4- Muhammed ibnu’l-Hanefiyye (rh.a.) anlatıyor:
Ben, babam Ali b. Ebi Talib’e:
-Rasulullah (s.a.s.)’den sonra insanların en hayırlısı hangisidir? Diye sordum.
Babam:
-Ebu Bekr’dir, dedi.
Ben:
-Sonra kimdir? Dedim.
Babam:
Sonra Ömer’dir, dedi.
Ben, (Sonra kimdir? Derim de) “Osman” denilmesinden korktum da:
-Ömer’den sonra sensin, dedim.
Babam:
-Ben, Müslümanlardan bir adam olmaktan başka bir şey değilim, dedi.(9)

5- Mü’minlerin annesi Aişe (r.anha) anlatıyor:
Rasulullah (s.a.s.), hastalığında bana söyle buyurdu:
“Bana, Ebu Bekr ve kardeşini çağır da bir yazı yazdıracağım.

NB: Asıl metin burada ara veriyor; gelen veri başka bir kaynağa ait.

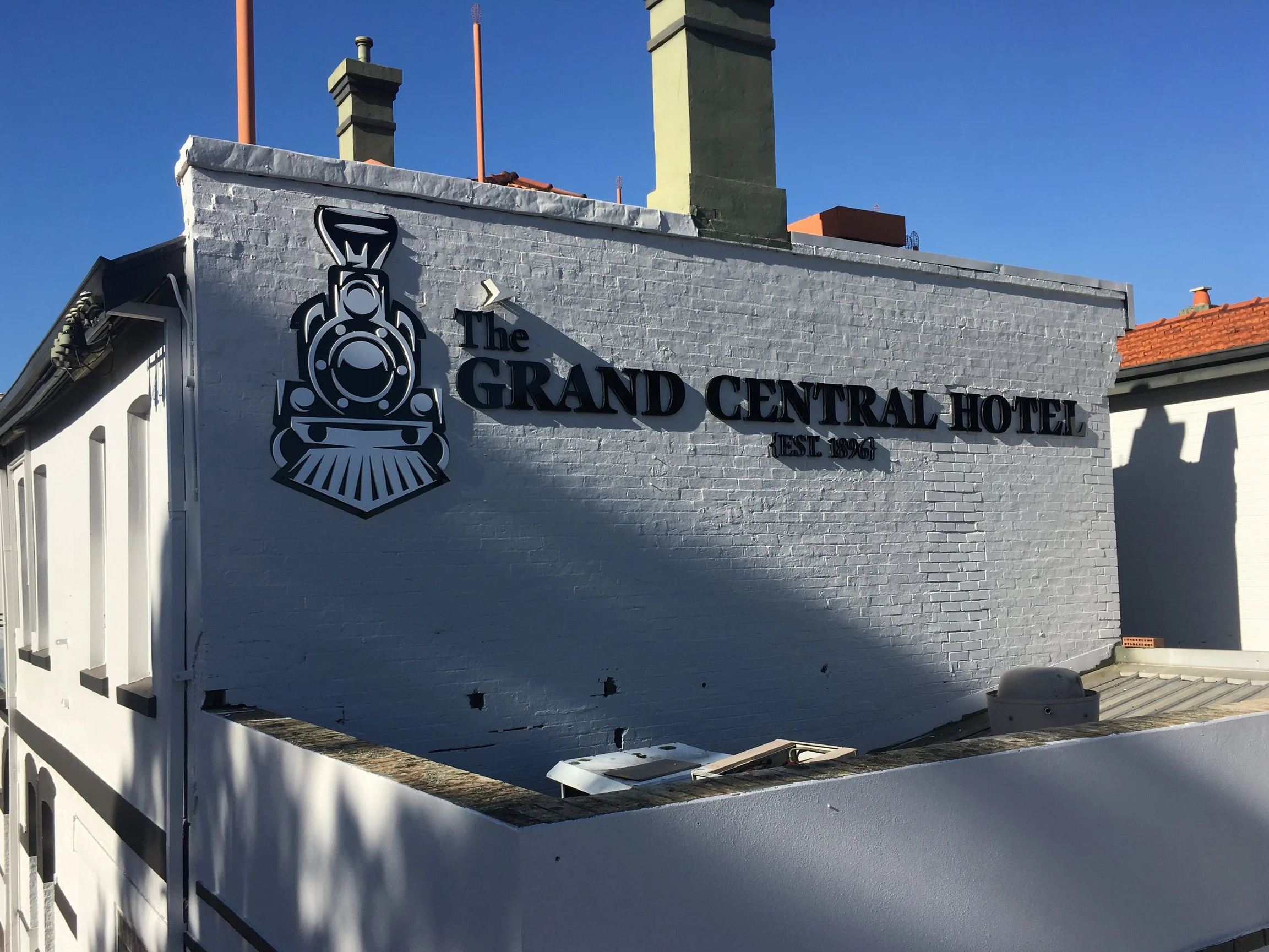 A white brick building with edged decals that reads 'The Grand Central Hotel' in Midland and features a stylized train logo. The building has two tall chimneys and a red tiled roof, set against a clear blue sky.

Çünkü ben, bir heveskârın temennî (ve arzuya) düşmesinden ve bir sözcünün de: Ben daha haklıyım, demesinden endişe ediyorum.
Hâlbuki Allah ve mü’minlerin, Ebu Bekr’den başkasına rıza göstermez!”(10)

6-Cabir ibn Mu’tim (r.a.) anlatıyor:
Bir kere Rasulullah (s.a.s.)’in yanına bir kadın geldi. (Giderken) Rasulullah, kadına tekrar kendisine müracaat etmesini emretti.
Kadın, sanki Rasulullah’ın ölümünü ta’rîz ederek:
-Ben, gelir de seni bulamazsam? Diye sordu.
Rasulullah:
“Şayet beni bulamazsan, Ebu Bekr’e müracaat et!” buyurdu.(11)

7- Huzeyfe (r.a.)’dan.
Rasulullah (s.a.s.) şöyle buyurur:
“Benden sonra Ebu Bekr ve Ömer’e uyunuz!”(12)

8- Huzeyfe (r.a.)’dan.
Rasulullah (s.a.s.):
“Şübhesiz ben, aranızda ne kadar kalacağımı (yaşayacağımı) kesinlikle bilmem. Bunun için benden sonraki (şu) iki zâta uyun!” buyurdu.
Ve Ebu Bekr ile Ömer’e işaret etti.(13)

9- İrbâd ibn Sariye (r.a.) anlatıyor:
Rasulullah (s.a.s.), bir gün bizde kaldı. Kalbleri titreten, gözleri yaşartan çok korkutucu bir mev’ize ile bize va’zetti.
O’na denildi ki:
-Ya Rasûlallah, vedâlaşan kimsenin yaptığı va’z gibi nasihat ettin. Bize tavsiyelerde bulun.
Bunun üzerine Rasulullah (s.a.s.) şöyle buyurdu:
“Takvaya yapışınız ve başınızdaki halife siyah bir köle dahi olsa, onu dinleyip itaat etmeye sarılınız. Siz, benden sonra şiddetli ihtilafı göreceksiniz. Onun için benim Sünnetime ve hidayete mazhar kılınmış olan Hulafâyı Raşîdîn’in Sünnetlerine yapışınız. Bu sünnetleri düşlerinizle sıkıca tutunuz!
İhdas edilen (dinde dayanağı olmayan dine sokulmak istenen) şeylerden sakının! Çünkü her bid’at dalâlettir.” (14)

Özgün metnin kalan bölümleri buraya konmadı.